When I first started playing trumpet it was rough. There’s no skirting around that one. You could see my frustration and disappointment in how I sounded. However, you always said I sounded great and then encouraged me to try again. I couldn’t tell if you were a glutton for punishment or maybe just tone deaf and really couldn’t tell that I was pretty bad.
Soon I would reward you for your support by asking to switch instruments. You stood strong though and gave me the old, “well you’d have to go back to 5th grade band if you want to start a new instrument” response. Go back to 5th grade band? Were you nuts!?! Clearly I didn’t know that that was standard protocol in the band parent manual. It worked. I stuck with trumpet.
Then the light bulb went off.
Maybe it was “The Impression that I get” or the “James Bond Theme”, but something happened in 7th grade when all of a sudden all I wanted was to live and breathe band. It was a miracle in your mind and a life changing moment in mine. Band became who I was and what I looked forward to daily. It was where my friends were and the teachers that inspired me. It was the activity that got me the most excited and was the one I knew I wanted to devote countless hours to. Then you chaperoned one of our band trips and told some really embarrassing stories about me to the loudest section in band, the trombone section, but we won’t talk about that.
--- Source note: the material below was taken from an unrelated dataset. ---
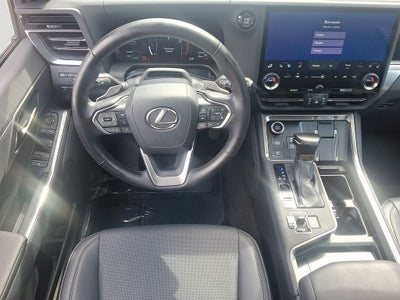 2024 Lexus GX 550 Premium+ 550 Premium+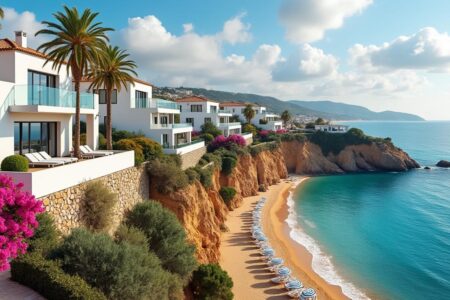 découvrez nos conseils pour choisir les meilleurs sites de locations de vacances à albufeira, algarve, et profitez d'un séjour inoubliable au cœur de cette destination prisée.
Once we made it to high school, you came down with it. It was one of the worst cases I had ever seen. You had CBPS, Crazed Band Parent Syndrome. Face painting, ridiculously loud yelling of my name at band festivals when it was really quiet and even buying a senior day game banner stating how proud you were of me at the final home game on the fence around the track. I knew you couldn’t help yourself. You even cried as I marched my final halftime show. Gosh you were unbearable at times. The problem was I didn’t realize how much my happiness meant to you.
College came around quick after senior year and it was mid-August when I said goodbye. I was on campus two weeks early to audition for the marching band and we had just moved me into the dorm. The next day was the first round of auditions and for the first time you wouldn’t be there with me to ask me how I did or to console me if it didn’t go well. I was on my own. No more face painting. No more yelling. Just quiet. It hit me hard.
I missed it.
I missed you and who you became…for me.
It was on that field the next day and in front of the Directors at my audition that I realized I was no longer playing for just myself or my friends, I was playing for you.
I was playing to say thank you for all those times I dropped my horn and made you pay to repair it, for all those times I forgot sunscreen at band camp and you had to rub aloe on my burnt red face, for all those times you told me I sounded great when we both knew the truth. You became my motivation.
Making my college’s marching band was the biggest achievement in my life. I could never have anticipated what lay ahead of me during those four years. Unfortunately, most of those things I would do without you in the stands there to yell my name. It killed you inside, but you never showed it.
I saw it when you came for homecoming and when I surprised you at home.
So that’s why I’m writing this. I’m writing this for you. For you to know that every time you got mad at me for emptying my spit valve on the carpet or putting ice on a sprained ankle from band camp and yes even those times you embarrassed the heck out of me, it was all worth it. Every second I got to spend with you sharing the triumphs and heart aches of band was worth it. You sacrificed so much for my happiness and for me to have the opportunities I did. I traveled the country. Met people from across the world. Made incredible music with my friends and strangers. Represented my town and family as I moved up the ranks, but most importantly you made me proud to have you as my band parent.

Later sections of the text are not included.